Would you print the data below exactly, leaving out every picture?

*** Data provided Section Begins ***

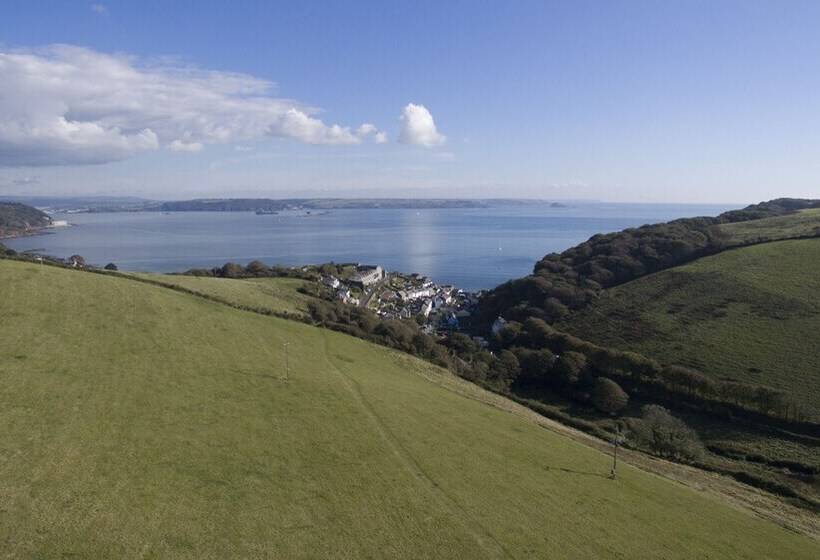 هتل Wringford Cottages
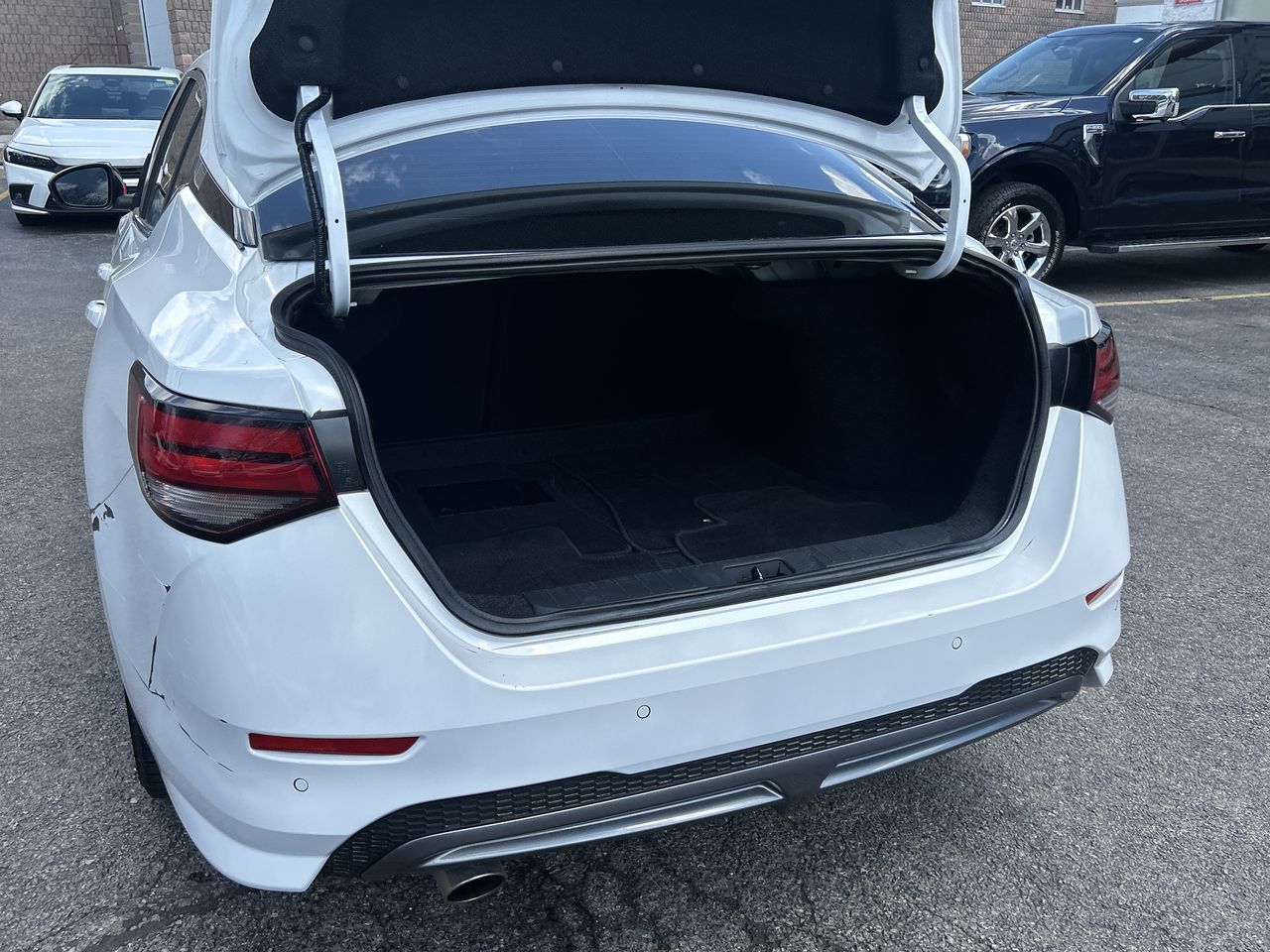 2022 Nissan Sentra in Oakville, Ontario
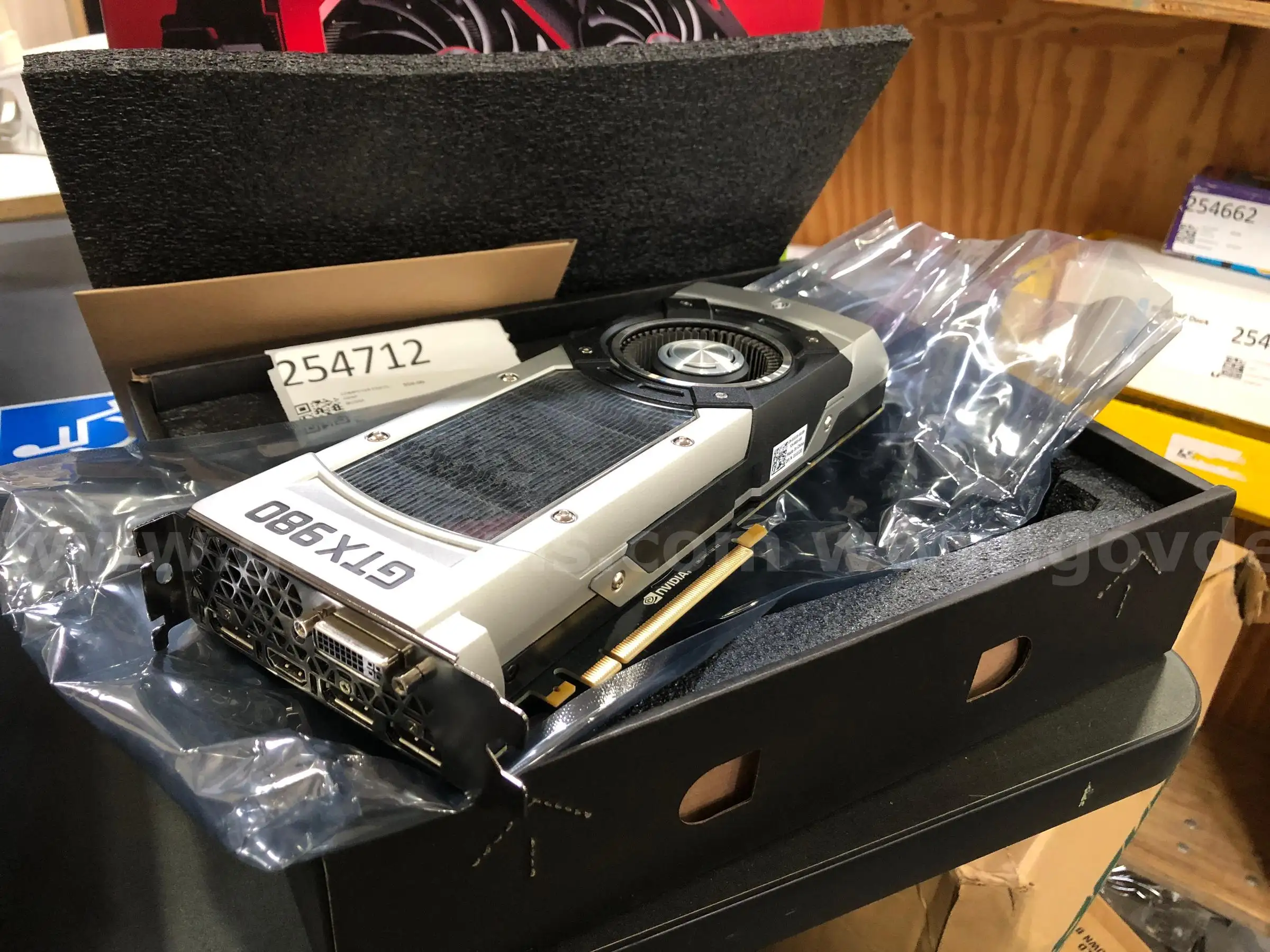 COMPUTER PARTS GRAPHICS CARD 4GB GDDR5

*** Data provided Section Ends ***

**Reply to the task**
 هتل Wringford Cottages
 2022 Nissan Sentra in Oakville, Ontario
 COMPUTER PARTS GRAPHICS CARD 4GB GDDR5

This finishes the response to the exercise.